Start of Block
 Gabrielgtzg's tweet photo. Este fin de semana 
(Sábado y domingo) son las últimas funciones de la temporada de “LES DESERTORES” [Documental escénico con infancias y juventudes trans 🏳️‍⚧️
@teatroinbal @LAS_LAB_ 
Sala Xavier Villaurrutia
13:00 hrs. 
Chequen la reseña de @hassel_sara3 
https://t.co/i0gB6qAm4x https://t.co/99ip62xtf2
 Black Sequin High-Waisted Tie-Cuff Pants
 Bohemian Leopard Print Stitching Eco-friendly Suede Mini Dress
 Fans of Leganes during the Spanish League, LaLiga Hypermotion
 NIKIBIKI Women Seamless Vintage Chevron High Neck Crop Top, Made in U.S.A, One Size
End of Block
Start of Block
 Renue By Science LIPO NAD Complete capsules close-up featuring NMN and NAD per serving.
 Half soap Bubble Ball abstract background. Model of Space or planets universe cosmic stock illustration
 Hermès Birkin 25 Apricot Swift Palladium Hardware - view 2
End of Block
■ PROBLEM STATEMENT:
Above are the records; from them, give again exactly the lines from the one containing "Gabrielgtzg's tweet photo." to the one containing "Bohemian Leopard Print", both lines included, and nothing more.

■ TASK RESPONSE:
 Gabrielgtzg's tweet photo. Este fin de semana 
(Sábado y domingo) son las últimas funciones de la temporada de “LES DESERTORES” [Documental escénico con infancias y juventudes trans 🏳️‍⚧️
@teatroinbal @LAS_LAB_ 
Sala Xavier Villaurrutia
13:00 hrs. 
Chequen la reseña de @hassel_sara3 
https://t.co/i0gB6qAm4x https://t.co/99ip62xtf2
 Black Sequin High-Waisted Tie-Cuff Pants
 Bohemian Leopard Print Stitching Eco-friendly Suede Mini Dress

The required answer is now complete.